Pouvez-vous nous rappeler les principales étapes qui ont jalonné ce projet ?
Dès le début du projet, nous avons pris part aux travaux de place sur le sujet. Le premier atelier a été initié par la BCE en Février 2014, avec comme principal objectif de présenter le projet Anacrédit et de recueillir les premières réactions des acteurs de place. En Juin 2014, un exercice de cost assessment a été mené auprès des banques et des banques centrales nationales. L’enjeu était d’évaluer les impacts de ce nouveau reporting en termes de revue des processus, d’architecture fonctionnelle et applicative mais également en termes de coûts.

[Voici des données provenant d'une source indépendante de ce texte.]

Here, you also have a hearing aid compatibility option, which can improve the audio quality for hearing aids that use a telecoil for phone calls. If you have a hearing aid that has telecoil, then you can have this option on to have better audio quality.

Les principaux retours ont notamment fait état de la difficulté à remonter les données relatives à des prêts octroyés à des personnes physiques, non pas tant pour l’aspect volumétrie que pour la question juridique de protection des données. A noter que dans la phase 1 du projet (Septembre 2018), seuls les prêts aux entreprises seront concernés. L’éventualité d’une exigence de reporting sur les prêts aux personnes physiques est à l’étude par la BCE pour mise en application dans une phase ultérieure.

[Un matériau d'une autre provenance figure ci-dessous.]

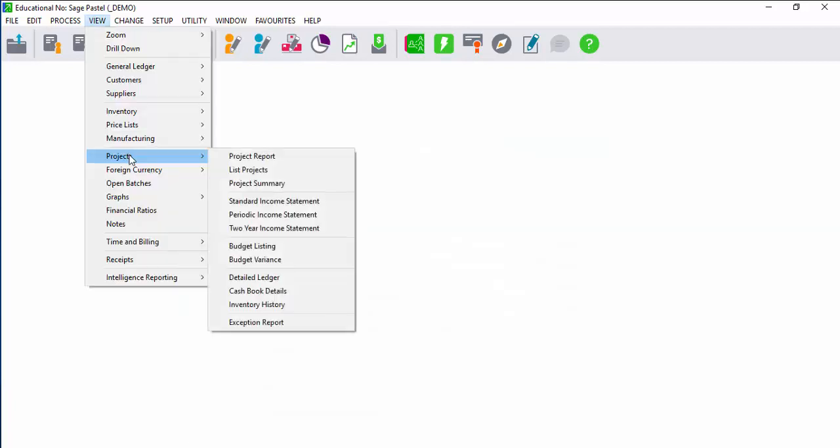Project Tracker is a reporting tool that can be used to report on specific projects. When you have multiple projects running, you would have budgets per project, purchases per project, and invoicing per project.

L’exercice est resté très macro puisque la BCE n’avait pas clairement spécifié ses attentes mais cette démarche a cependant eu le mérite d’exister et il nous semble important que les banques centrales nationales d’une part et surtout les banques, qui sont les premières impactées, prennent part dès le départ à la construction d’un projet d’envergure comme Anacrédit.

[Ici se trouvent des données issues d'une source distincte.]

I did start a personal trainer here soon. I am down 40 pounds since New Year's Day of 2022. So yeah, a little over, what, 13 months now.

Quelques ateliers supplémentaires ont été menés jusqu’à fin 2014. Il a été reproché à la BCE de ne pas avoir réalisé de vraie consultation publique, ce qui aurait permis aux établissements de travailler plus concrètement sur le cadre de reporting. Deux versions du règlement ont circulé au sein des fédérations bancaires et les travaux ont pu être affinés mi-2015. Cela signifie que nos équipes ont pu commencer à décortiquer les variables demandées à partir d’Avril/Mai 2015 car quelle que soit la demande, notre préoccupation principale était de comprendre le besoin réglementaire. Début Décembre 2015, un règlement a été publié en version draft par la BCE. Nous avions environ un mois pour y répondre, ce qui est très court en comparaison des consultations de l’EBA qui laisse en général un délai de trois mois pour répondre. Il y a eu cependant de nombreux retours auprès de la BCE. Le vote du règlement a été décalé à Mai 2016, afin de laisser le temps à la BCE d’affiner le règlement car beaucoup de questions avaient été reçues à cette occasion.
Pouvez-vous nous parler du projet BIRD et de son intrication avec Anacrédit ?
En Octobre 2015, le département statistique de la BCE a lancé le projet BIRD (Banks’ Integrated Reporting Dictionary). Bien que le nom fasse référence à un dictionnaire, il est plus pertinent de voir BIRD comme une documentation nécessaire dont toutes les banques pourraient se servir dans le cadre des reportings (à commencer par Anacredit). BIRD définit des inputs d’une part et des outputs d’autre part, ces derniers étant reconstitués grâce à plusieurs inputs. Par exemple, si on prend comme output la taille d’une entreprise, elle peut être déterminée en fonction des inputs suivants : effectifs de l’entreprise, chiffre d’affaires … L’ambition de BIRD est de permettre aux différents reportings générés par les banques d’être cohérents et donc de pouvoir être analysés selon une même grille de lecture.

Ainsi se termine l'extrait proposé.